- Task objective: With pictures removed, the data below should be returned exactly.

+++ The data +++

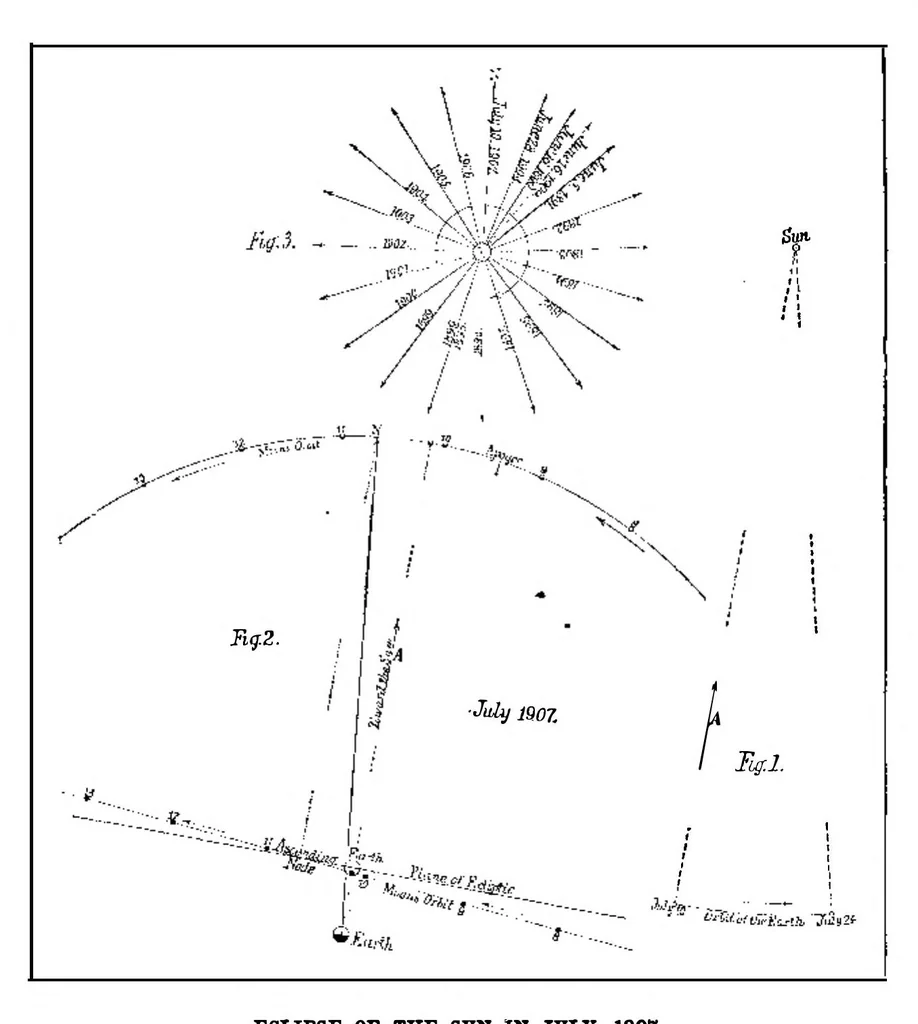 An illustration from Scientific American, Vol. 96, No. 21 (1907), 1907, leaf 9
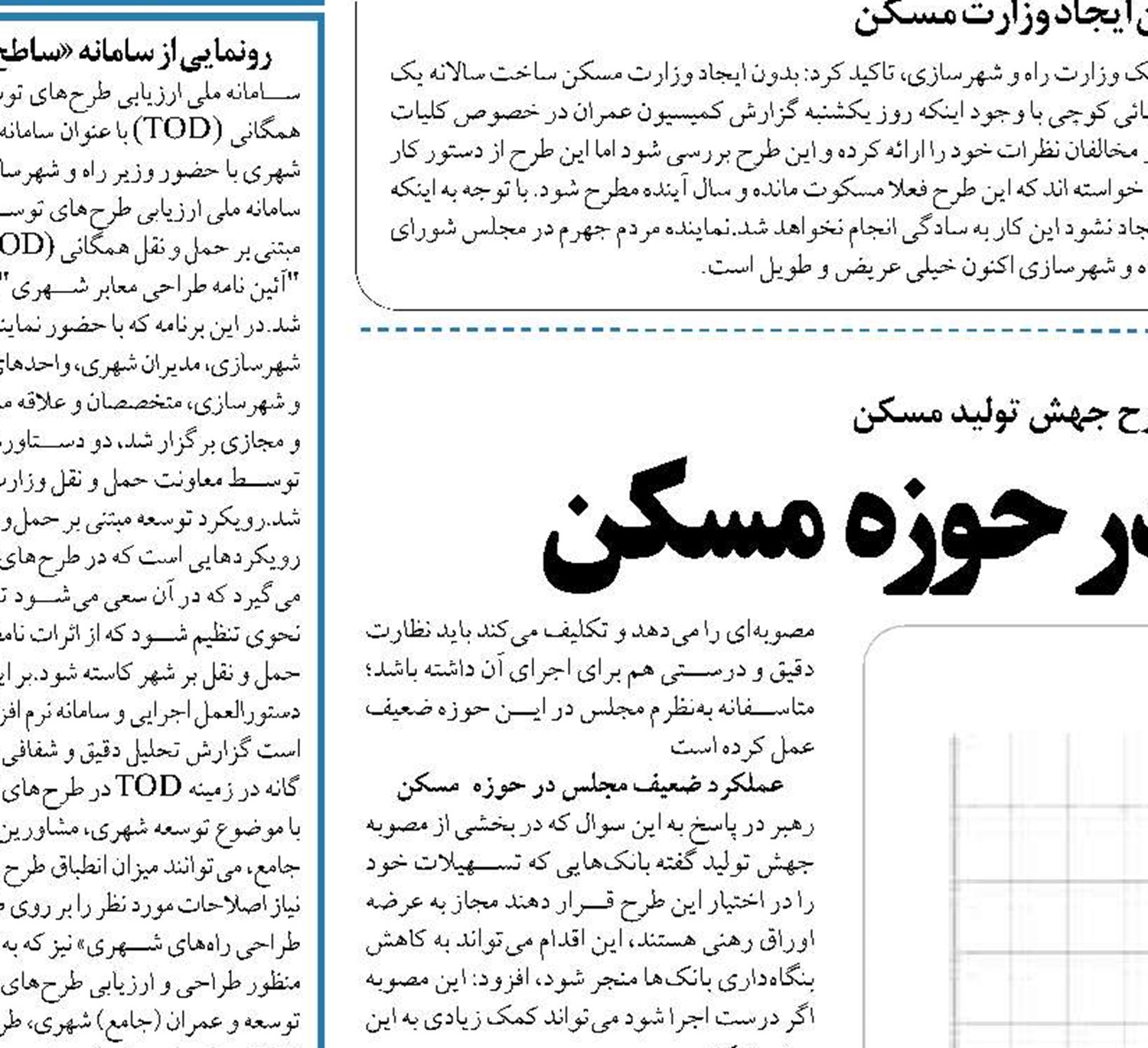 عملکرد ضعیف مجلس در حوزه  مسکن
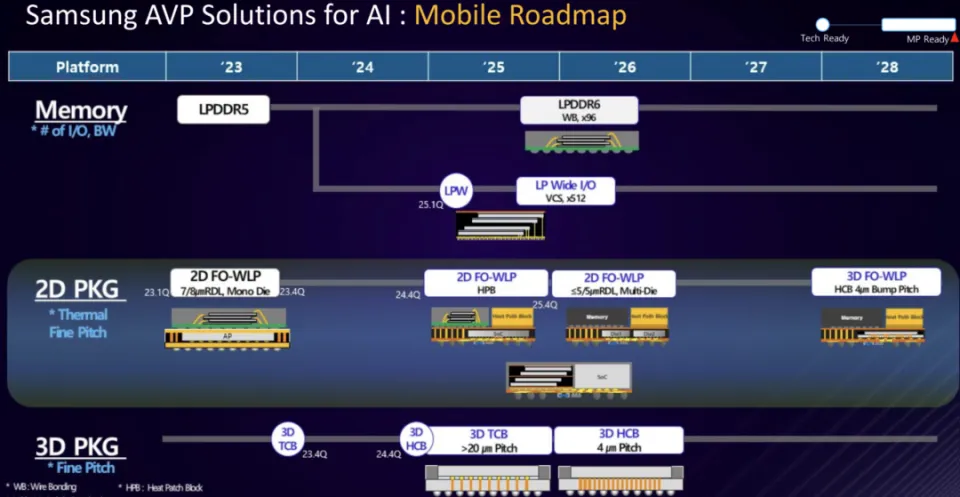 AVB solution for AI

+++

- Answer box:
 An illustration from Scientific American, Vol. 96, No. 21 (1907), 1907, leaf 9
 عملکرد ضعیف مجلس در حوزه  مسکن
 AVB solution for AI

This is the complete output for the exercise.